WHAT TO PRODUCE
Leave out the images and transcribe the entries below word for word.

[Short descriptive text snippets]
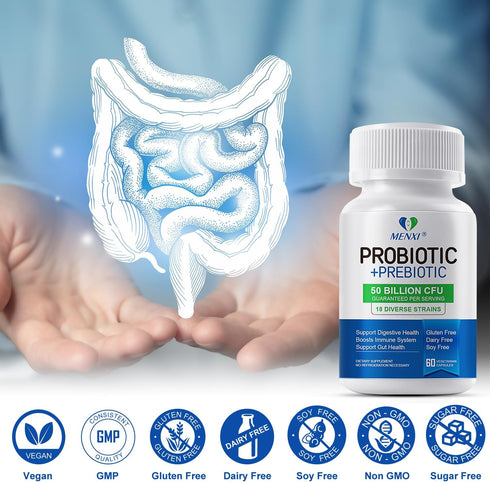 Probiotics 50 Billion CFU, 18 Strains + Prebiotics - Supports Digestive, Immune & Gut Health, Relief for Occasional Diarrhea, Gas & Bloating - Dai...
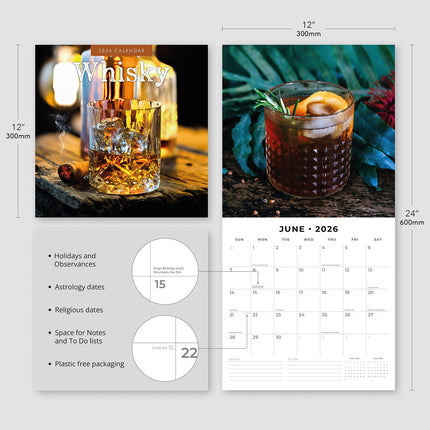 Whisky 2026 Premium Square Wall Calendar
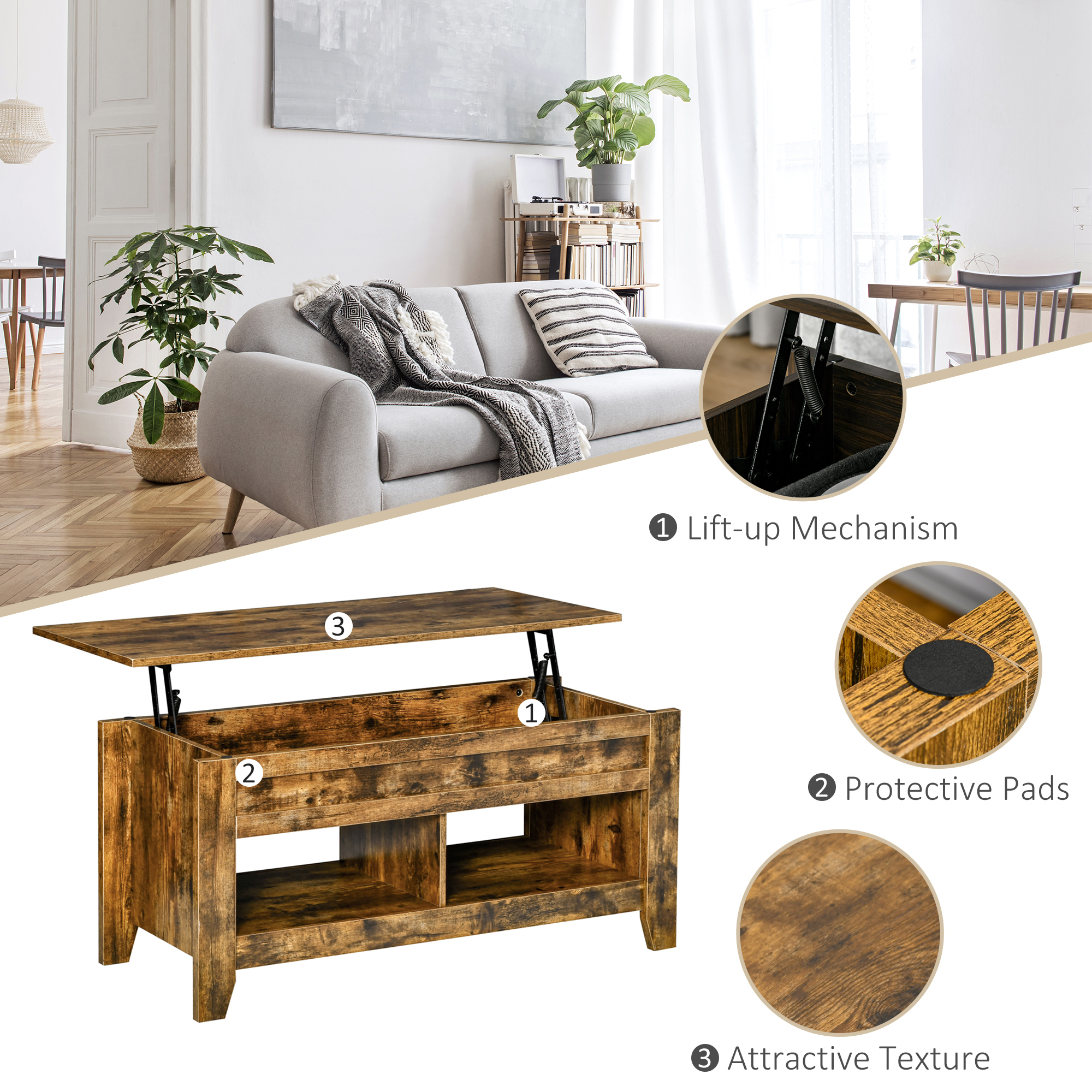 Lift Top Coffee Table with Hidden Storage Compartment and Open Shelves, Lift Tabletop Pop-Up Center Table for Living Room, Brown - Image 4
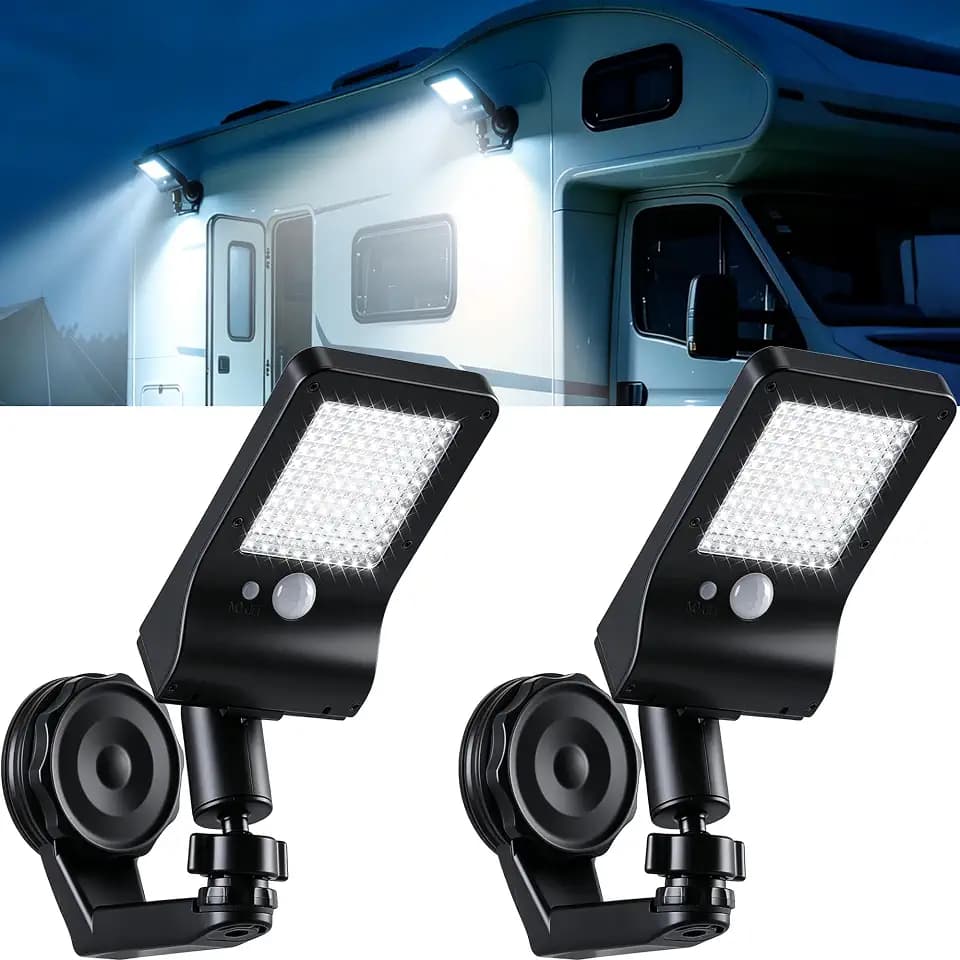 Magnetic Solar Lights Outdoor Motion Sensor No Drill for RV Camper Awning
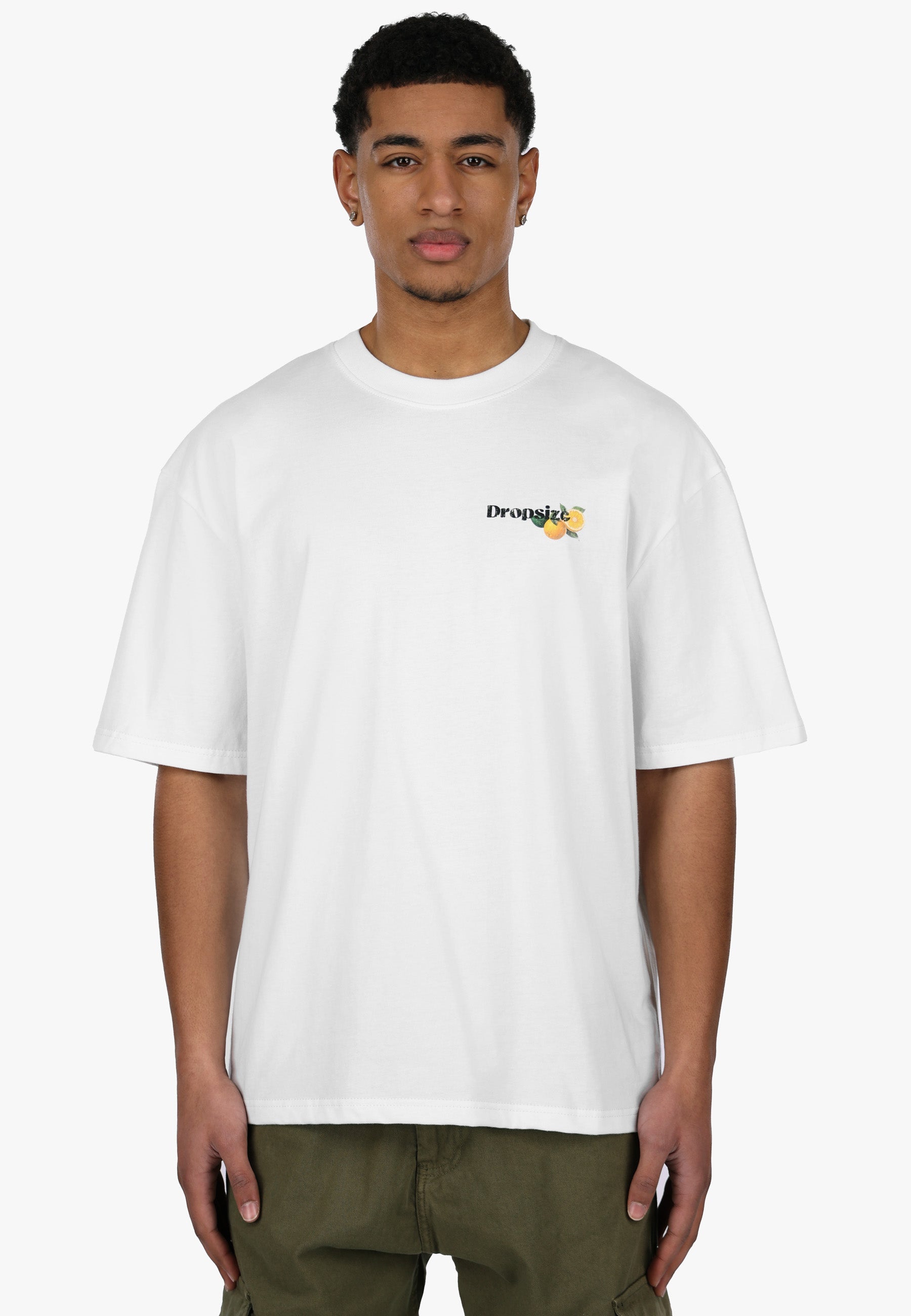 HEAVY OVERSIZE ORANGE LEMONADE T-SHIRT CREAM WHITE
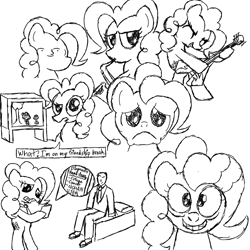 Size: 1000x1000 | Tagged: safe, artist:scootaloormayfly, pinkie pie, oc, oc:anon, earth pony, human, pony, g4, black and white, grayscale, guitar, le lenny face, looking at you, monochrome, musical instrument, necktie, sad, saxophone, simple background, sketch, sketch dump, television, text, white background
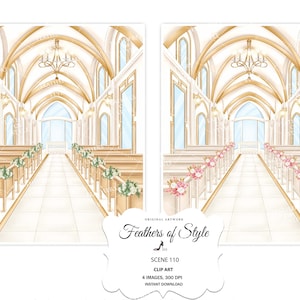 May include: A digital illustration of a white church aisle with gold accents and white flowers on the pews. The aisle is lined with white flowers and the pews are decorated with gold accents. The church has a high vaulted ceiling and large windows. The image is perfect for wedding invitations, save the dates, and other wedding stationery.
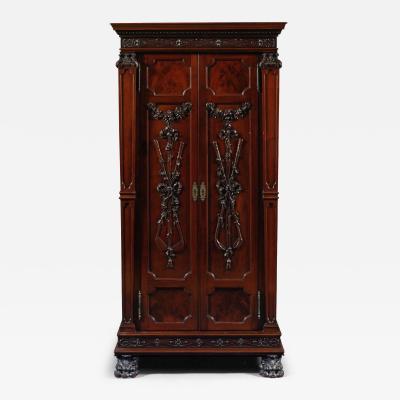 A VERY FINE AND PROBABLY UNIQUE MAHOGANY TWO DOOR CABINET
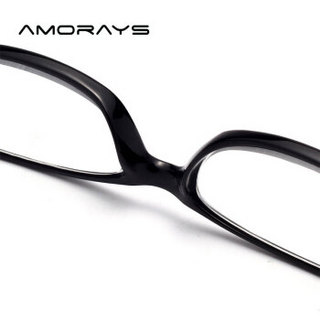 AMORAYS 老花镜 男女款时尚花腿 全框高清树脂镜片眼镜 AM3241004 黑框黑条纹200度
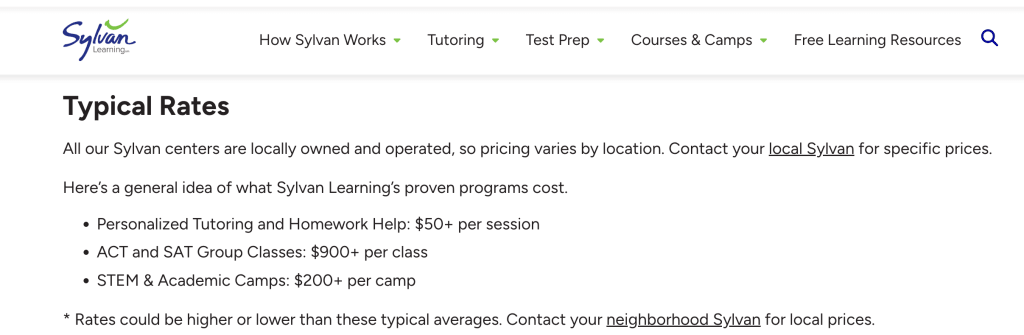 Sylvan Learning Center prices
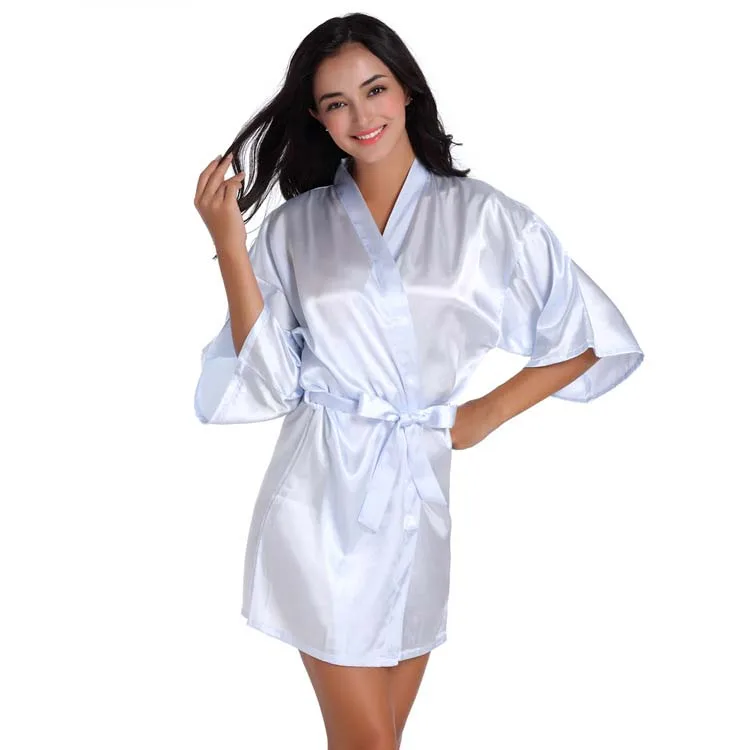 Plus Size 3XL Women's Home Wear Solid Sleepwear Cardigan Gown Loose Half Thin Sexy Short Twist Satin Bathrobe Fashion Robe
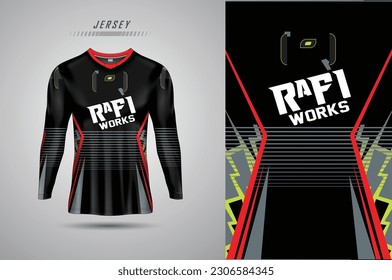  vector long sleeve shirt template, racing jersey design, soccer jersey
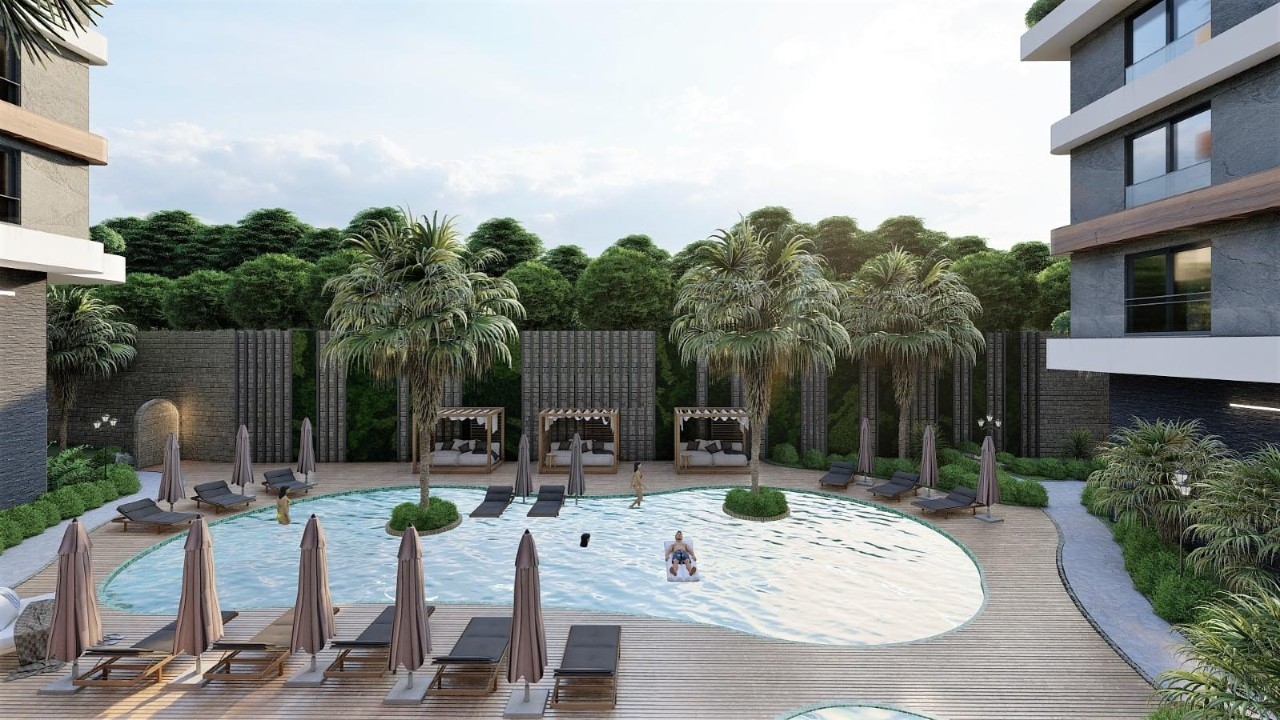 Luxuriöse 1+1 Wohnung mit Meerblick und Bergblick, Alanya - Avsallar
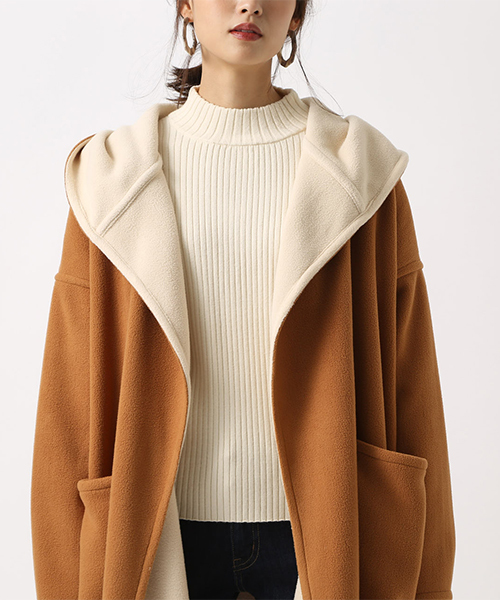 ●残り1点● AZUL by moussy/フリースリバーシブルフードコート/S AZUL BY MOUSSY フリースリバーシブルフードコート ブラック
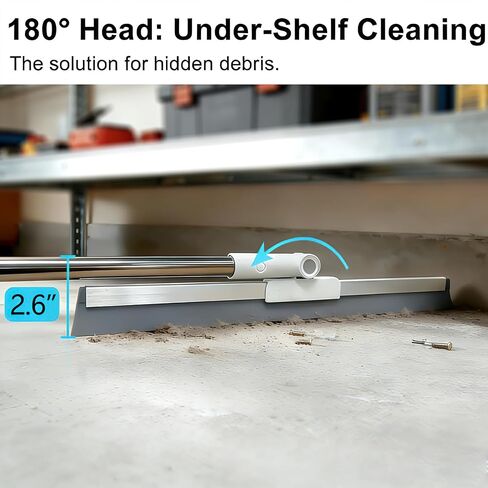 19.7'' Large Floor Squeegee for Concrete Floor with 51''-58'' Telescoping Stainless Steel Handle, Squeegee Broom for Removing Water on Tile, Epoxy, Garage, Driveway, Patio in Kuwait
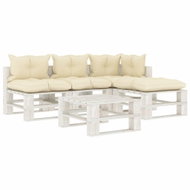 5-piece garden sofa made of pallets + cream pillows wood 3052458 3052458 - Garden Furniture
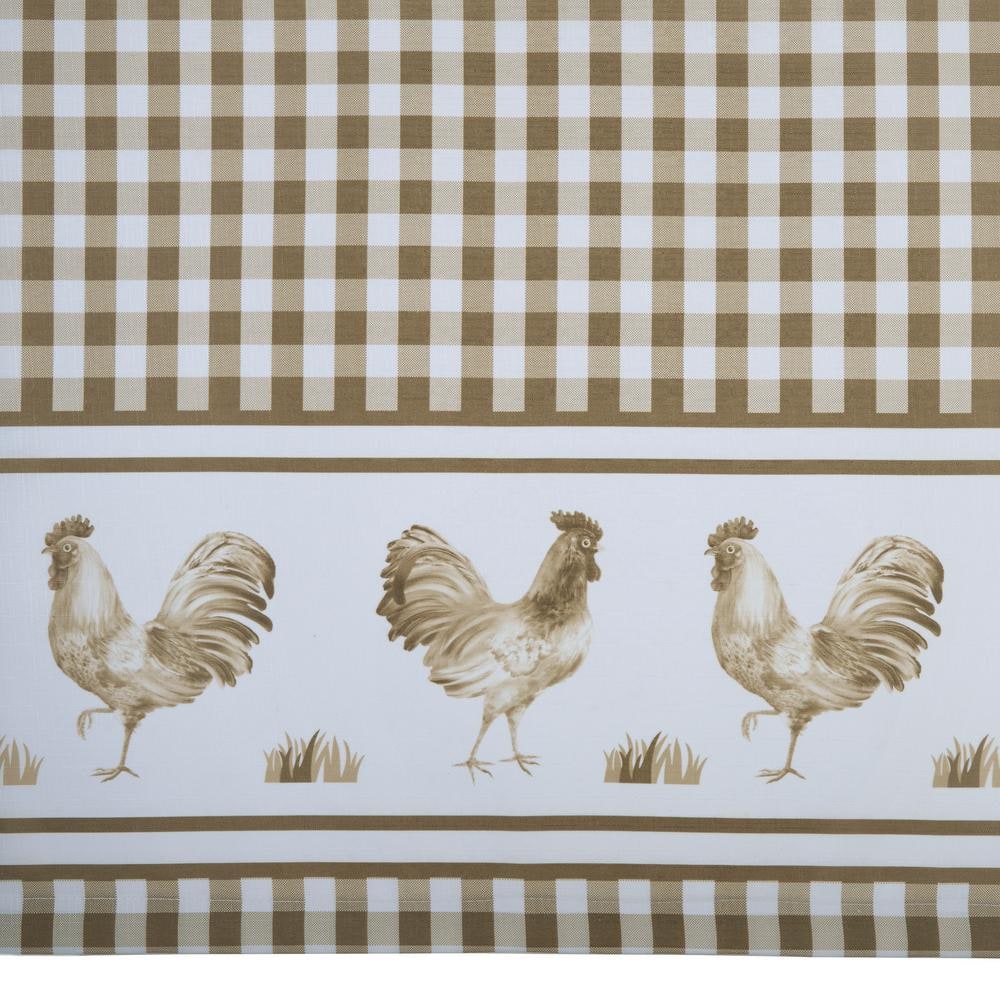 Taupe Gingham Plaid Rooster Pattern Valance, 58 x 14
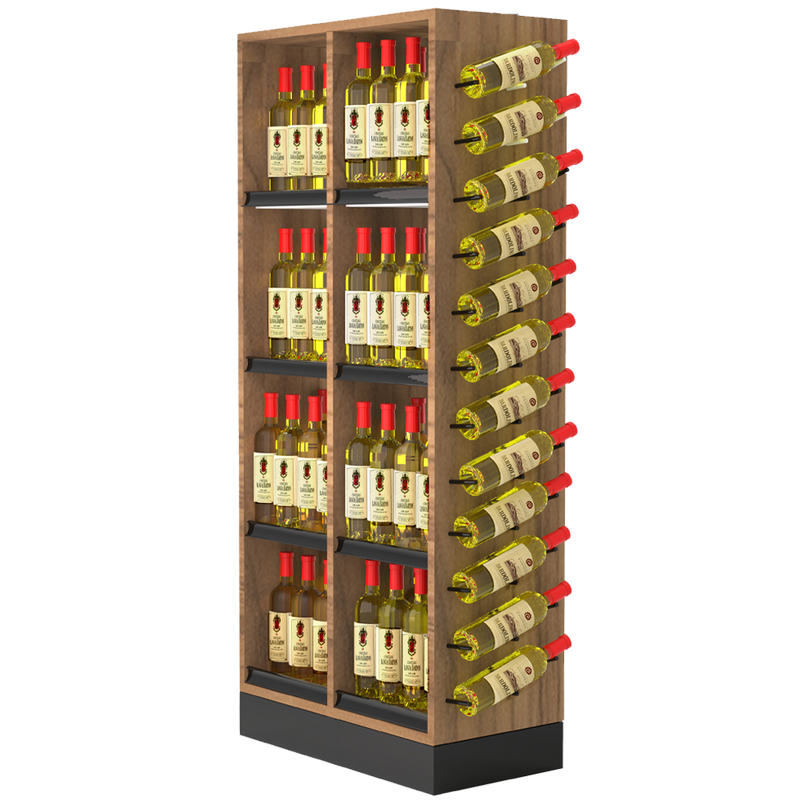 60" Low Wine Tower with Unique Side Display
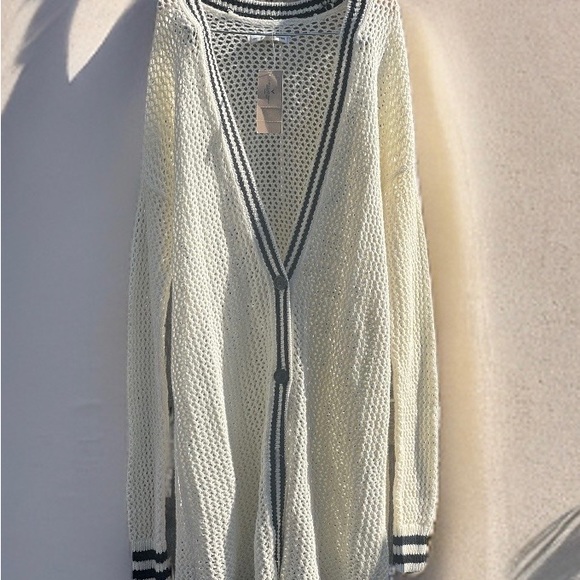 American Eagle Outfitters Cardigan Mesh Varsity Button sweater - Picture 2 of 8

RESULT OF THIS TASK
 Probiotics 50 Billion CFU, 18 Strains + Prebiotics - Supports Digestive, Immune & Gut Health, Relief for Occasional Diarrhea, Gas & Bloating - Dai...
 Whisky 2026 Premium Square Wall Calendar
 Lift Top Coffee Table with Hidden Storage Compartment and Open Shelves, Lift Tabletop Pop-Up Center Table for Living Room, Brown - Image 4
 Magnetic Solar Lights Outdoor Motion Sensor No Drill for RV Camper Awning
 HEAVY OVERSIZE ORANGE LEMONADE T-SHIRT CREAM WHITE
 Size: 1000x1000 | Tagged: safe, artist:scootaloormayfly, pinkie pie, oc, oc:anon, earth pony, human, pony, g4, black and white, grayscale, guitar, le lenny face, looking at you, monochrome, musical instrument, necktie, sad, saxophone, simple background, sketch, sketch dump, television, text, white background
 May include: A digital illustration of a white church aisle with gold accents and white flowers on the pews. The aisle is lined with white flowers and the pews are decorated with gold accents. The church has a high vaulted ceiling and large windows. The image is perfect for wedding invitations, save the dates, and other wedding stationery.
 A VERY FINE AND PROBABLY UNIQUE MAHOGANY TWO DOOR CABINET
 AMORAYS 老花镜 男女款时尚花腿 全框高清树脂镜片眼镜 AM3241004 黑框黑条纹200度
 Sylvan Learning Center prices
 Plus Size 3XL Women's Home Wear Solid Sleepwear Cardigan Gown Loose Half Thin Sexy Short Twist Satin Bathrobe Fashion Robe
  vector long sleeve shirt template, racing jersey design, soccer jersey
 Luxuriöse 1+1 Wohnung mit Meerblick und Bergblick, Alanya - Avsallar
 ●残り1点● AZUL by moussy/フリースリバーシブルフードコート/S AZUL BY MOUSSY フリースリバーシブルフードコート ブラック
 19.7'' Large Floor Squeegee for Concrete Floor with 51''-58'' Telescoping Stainless Steel Handle, Squeegee Broom for Removing Water on Tile, Epoxy, Garage, Driveway, Patio in Kuwait
 5-piece garden sofa made of pallets + cream pillows wood 3052458 3052458 - Garden Furniture
 Taupe Gingham Plaid Rooster Pattern Valance, 58 x 14
 60" Low Wine Tower with Unique Side Display
 American Eagle Outfitters Cardigan Mesh Varsity Button sweater - Picture 2 of 8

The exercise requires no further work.